A Phenomenology of the Image: On 127 Hours


So I just watched this film, 127 Hours, and what struck me most about it is it’s not really about this trapped dude hacking off his arm. It’s about the act of recording — what it means, how it performs.

First of all, am I the only one who found it odd that the recorded plays such a pivotal role? Sure, he records everything — which is strange enough — but he hallucinates in recorded images — tv shows, ads, his own home movies. We even see him through the eyes of a surveillance camera at his job. But while hitting us over the head with the ubiquity of the recorded image, Boyle does not hit us over the head with a didactic argument. On the contrary, we get a kind of phenomenology of the image, a splaying of the different ways the image goes.

“…living in the document rather than the real thing.”

Image as more. Aron (James Franco) is always snapping away. He has a video camera attached to his mountain bike. When he falls hard off his bike, before getting up, he snaps a picture. One could no doubt read this as a watering down of the purity of his event, living in the document rather than the real thing. But another way of seeing it, the way it seems to function in the film for Aron, is as an doubling of his adventure: he climbs and has images of climbing. It’s more adventure!

Image as amplification. In ceaselessly recording himself, Aron becomes the hero in his own drama, in his own life. Not only is he kicking ass in Canyonlands, he’s kicking ass on a virtual big screen (see “image as social” and “image as temporal fold”). In the present, he’s projecting himself onto the screen, across the interwebs, into your homes. And hence he’s not alone — he’s part of the epic drama of civilization — and he’s living into the future.

Image as social. Presumably, Aron is a bit of a loner. This is the dominant narrative arc: he has been selfish and alone and needs to be folded back into the social body. So, at the end, he’s married, has a kid, is with his friends and family — and always leaves a note as to where he’s gone. But then why is he always recording himself? Yes, amplification. But it’s also that the image functions as new mode of the social — hence his memories and dreams are tv shows and ads.

Perhaps this is obvious to you but it wasn’t to me: the circulation of images through our homes — our tvs and interwebs — is the social. We say things like Facebook are social media but tv was already social media. Unplug the tv, disconnect from the network, and suddenly you are in fact cut off from the social body. Aron does not do this. He lives in this new layer of the social — this infinite circulation of the recorded image.

The very act of recording is, for Aron, a social event. His image joins the flow, the great circulation of images,the society of the spectacle. And the camera becomes an agent, an interlocutor of a sort.

Image as temporal fold. The movie is not about surprise. We know, before going in, what’s going to happen. In this sense, it’s a classical tragedy: we know the ending but want to live through the life nonetheless. The tragic structure of the film is an odd temporal fold to begin with.

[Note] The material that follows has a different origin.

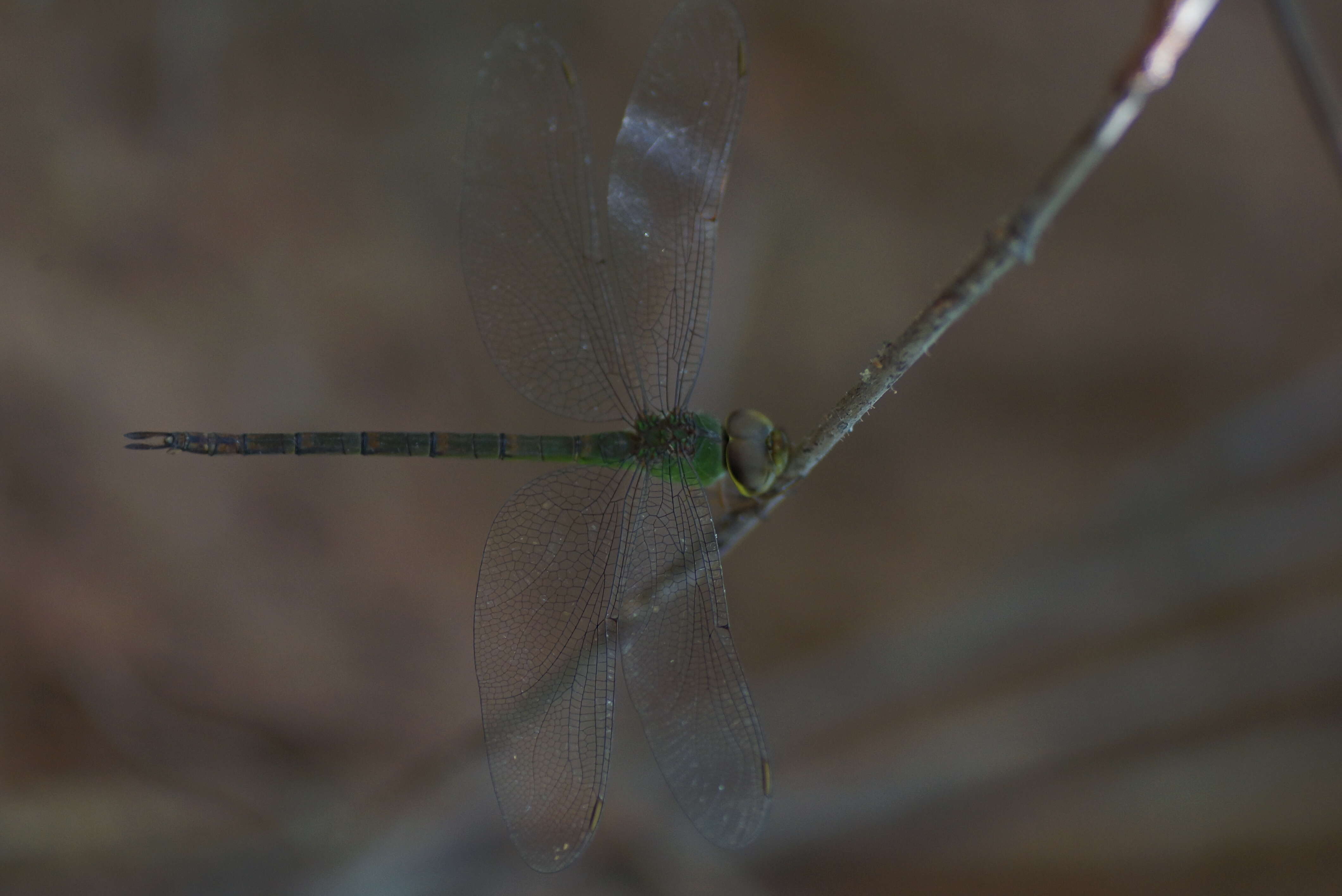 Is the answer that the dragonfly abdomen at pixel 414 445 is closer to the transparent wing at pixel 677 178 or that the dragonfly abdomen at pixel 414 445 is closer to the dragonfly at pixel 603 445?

But then Boyle starts snapping away at Aron snapping away and we get this strange effect: the documenting of an event that hasn’t yet happened: a now that becomes a record of an already happened.

Image as record. This is, of course, the most obvious aspect of the image: it is a record of what happened. It is a way of knowing. How do we know these things about Aron’s adventure? There it is, on film. But just because we take this mode of the image most for granted doesn’t mean it isn’t fucking weird. Knowing comes from watching a movie — Aron’s movie, yes, but Boyle’s movie, too. Film, then, is not about knowledge; itis knowledge.

There are no doubt more things to say, more ways the image goes in this film. But I find myself wondering: What if there were no recording? Take the camera out of Aron’s life. What would the event be like then?